2. La S.A.S Groupe [E] a interjeté appel de cette décision selon déclaration en date du 30 octobre 2025.
3. Par acte de commissaire de justice du 30 janvier 2026, la S.A.S Groupe [E] a fait assigner la S.A.R.L AC en référé aux fins de désigner tel séquestre que Madame le premier président croira, avec mission de recevoir le montant des condamnations prononcées par le premier juge et revêtues de l'exécution provisoire de droit et de dire que le séquestre versera mensuellement au créancier de l'obligation, à titre provisoire, la somme de 100 euros dans la limite des fonds disponibles, le premier versement intervenant le 1er du mois suivant la signification et d'obtenir sa condamnation aux dépens et à lui payer 1.000 € au titre des dispositions de l'article 700 du code de procédure civile.
Dans ses dernières conclusions remises le 20 avril 2026, et soutenues à l'audience, elle sollicite le rejet des demandes de la S.A.R.L AC et, au visa de l'article 521 du code de procédure civile, la consignation des espèces ou des valeurs suffisantes pour garantir en principal, intérêts et frais et le montant de la condamnation et la condamnation de la S.A.R.L AC aux dépens et à lui payer 1.500 € au titre des dispositions de l'article 700 du code de procédure civile.
Elle soutient que la S.A.R.L AC ne justifie d'aucune preuve de solvabilité et que ses comptes ne sont pas publiés depuis 2024. Elle précise que les comptes de 2023 de la S.A.R.L AC font ressortir un résultat de compte négatif.

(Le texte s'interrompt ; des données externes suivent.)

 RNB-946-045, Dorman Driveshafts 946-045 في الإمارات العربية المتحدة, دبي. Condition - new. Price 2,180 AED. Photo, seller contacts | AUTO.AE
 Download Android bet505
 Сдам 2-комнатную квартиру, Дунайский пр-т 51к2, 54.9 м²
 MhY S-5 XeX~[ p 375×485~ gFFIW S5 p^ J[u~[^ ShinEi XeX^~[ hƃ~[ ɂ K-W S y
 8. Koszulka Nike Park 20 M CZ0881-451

4. En réponse et aux termes de ses conclusions du 24 mars 2026, soutenues à l'audience, la S.A.R.L AC sollicite que la demande de délais de paiement de la S.A.S Groupe [E] soit déclarée irrecevable, que la S.A.S Groupe [E] soit déboutée de ses demandes, mal fondées, de consignation et condamnée aux dépens et à lui payer 2.500€ sur le fondement de l'article 700 du code de procédure civile.

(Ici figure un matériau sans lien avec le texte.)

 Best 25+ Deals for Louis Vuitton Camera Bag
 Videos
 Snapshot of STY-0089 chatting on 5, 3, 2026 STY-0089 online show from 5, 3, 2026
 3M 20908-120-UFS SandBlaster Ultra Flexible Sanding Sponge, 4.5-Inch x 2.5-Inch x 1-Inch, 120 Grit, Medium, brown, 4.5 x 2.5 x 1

Elle fait valoir que la demande initiale de la S.A.S Groupe [E] qui s'analyse en demande de délai de paiement est irrecevable, en ce que l'article 510 du code de procédure civile encadre le délai de grâce et prévoit qu'il ne peut être accordé que par un nombre strictement limité de juridictions, dont le premier président ne fait pas partie, aux termes d'une jurisprudence constante. Elle précise que le premier président ne peut pas davantage, dans le cadre des dispositions de l'article 524 du code de procédure civile, se substituer au juge de l'exécution et accorder des délais de paiement sur le fondement de l'article 1244-1 du code de procédure civile.
Sur la demande de consignation des condamnations de première instance, elle fait valoir que la S.A.S Groupe [E] n'apporte pas la preuve du prétendu risque de non recouvrement des sommes versées en cas de réformation de la décision de première instance et que ce n'est pas à elle de démontrer qu'elle est solvable.